* _EXERCISE REQUIREMENTS_
Transcribe the entries exactly; images are not part of the copy.

* _INPUT_
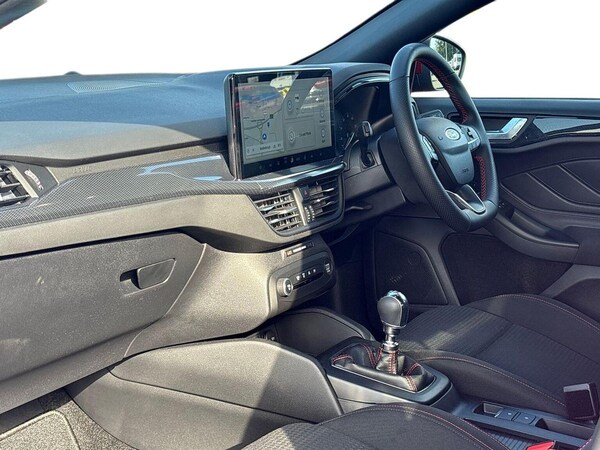 Used Ford Focus 2022 for sale - 76127134: Photo 7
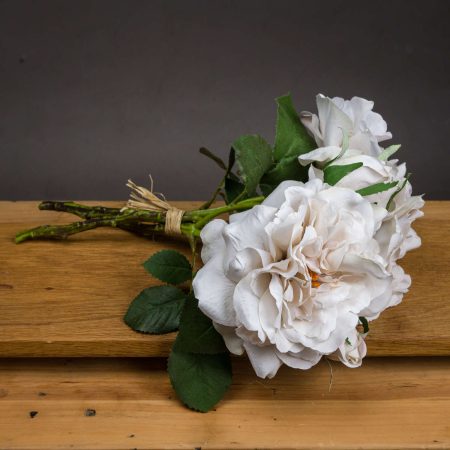 grey-white-short-stem-rose-bouquet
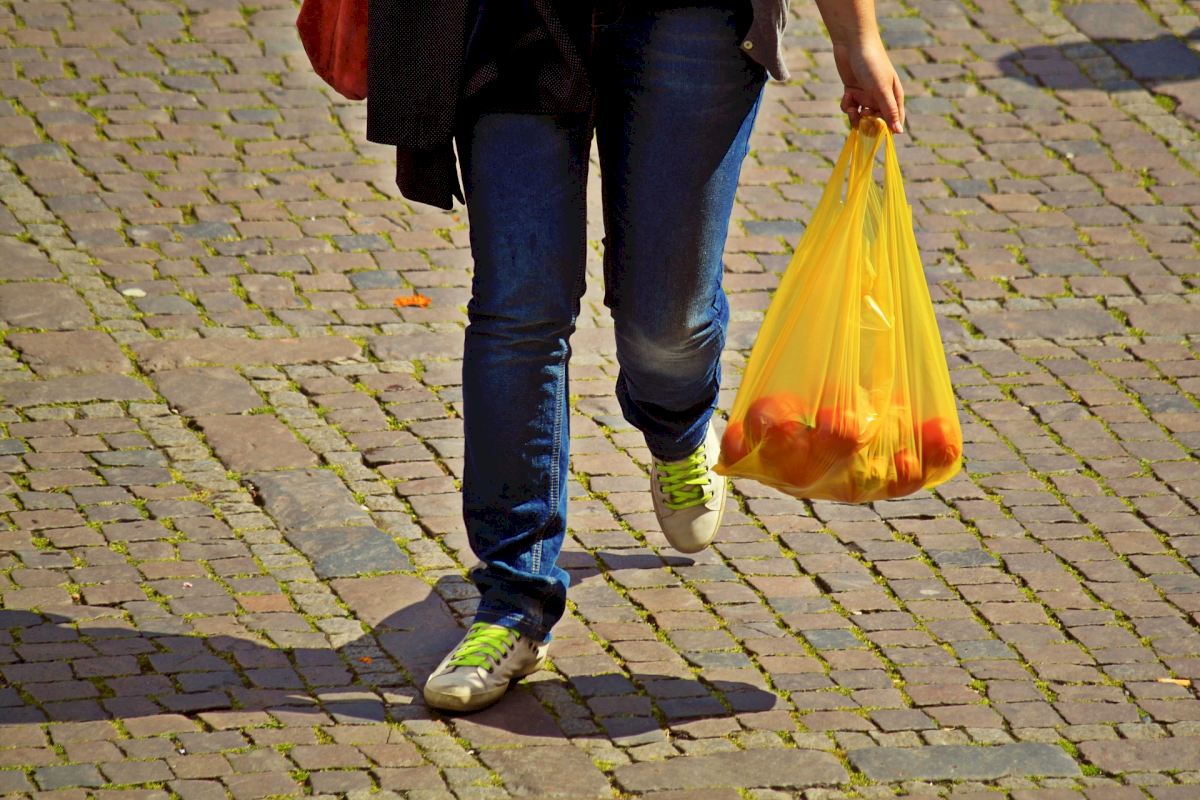 La bolsa de plástico más cara del mundo cuesta 500 euros y es alicantina
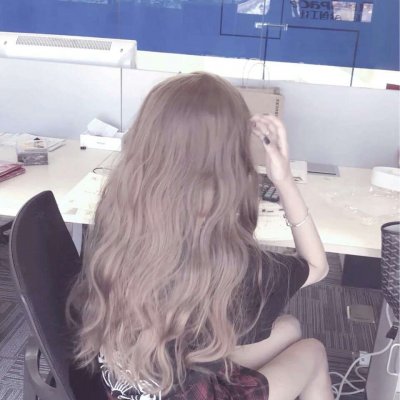 16张氛围感拉满！一半清纯一半妖媚的性感女生头像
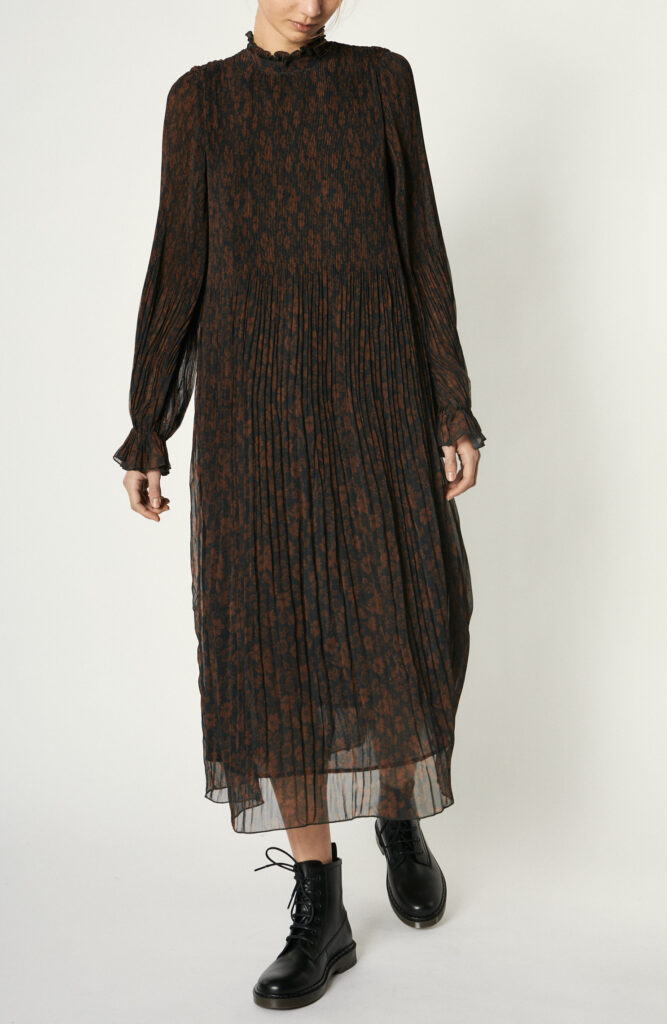 Pleated dress in black / brown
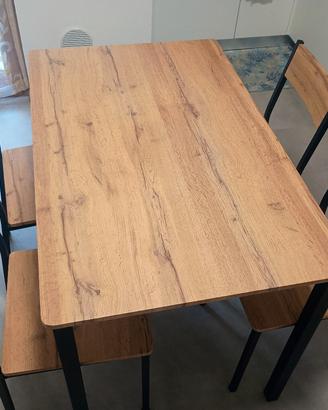 tavolo 110 x 70 con 4 sedie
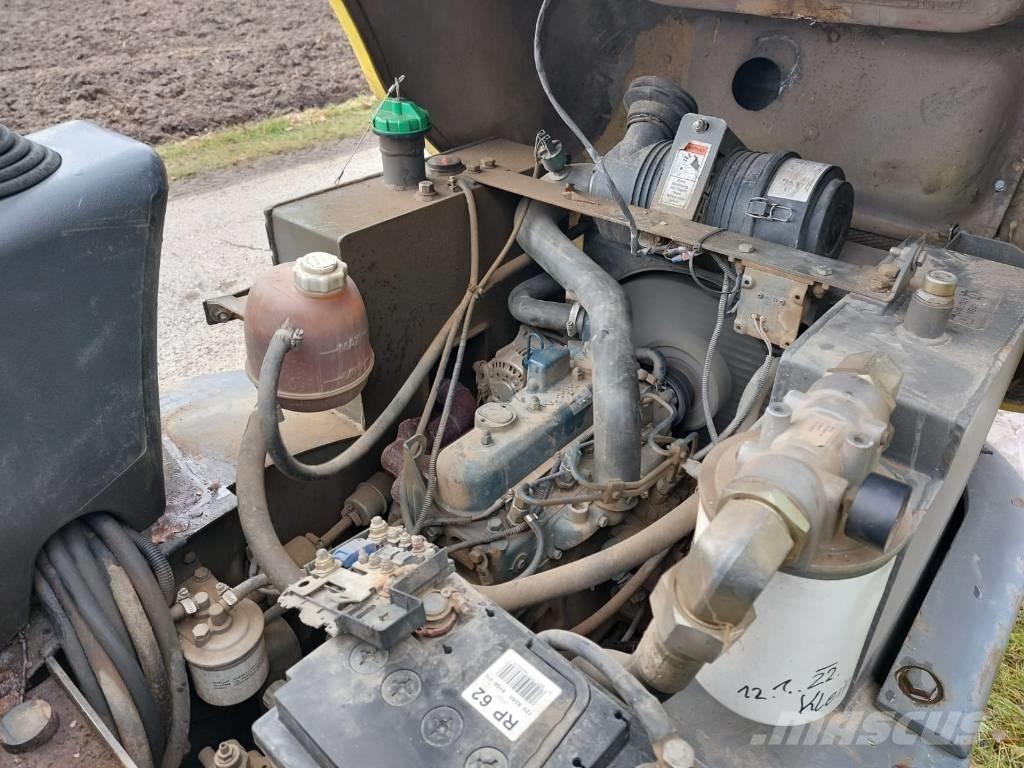 Ausa D 85 AH A Vehículos compactos de volteo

* _SOLUTION TO THE PROBLEM_
 Used Ford Focus 2022 for sale - 76127134: Photo 7
 grey-white-short-stem-rose-bouquet
 La bolsa de plástico más cara del mundo cuesta 500 euros y es alicantina
 16张氛围感拉满！一半清纯一半妖媚的性感女生头像
 Pleated dress in black / brown
 tavolo 110 x 70 con 4 sedie
 Ausa D 85 AH A Vehículos compactos de volteo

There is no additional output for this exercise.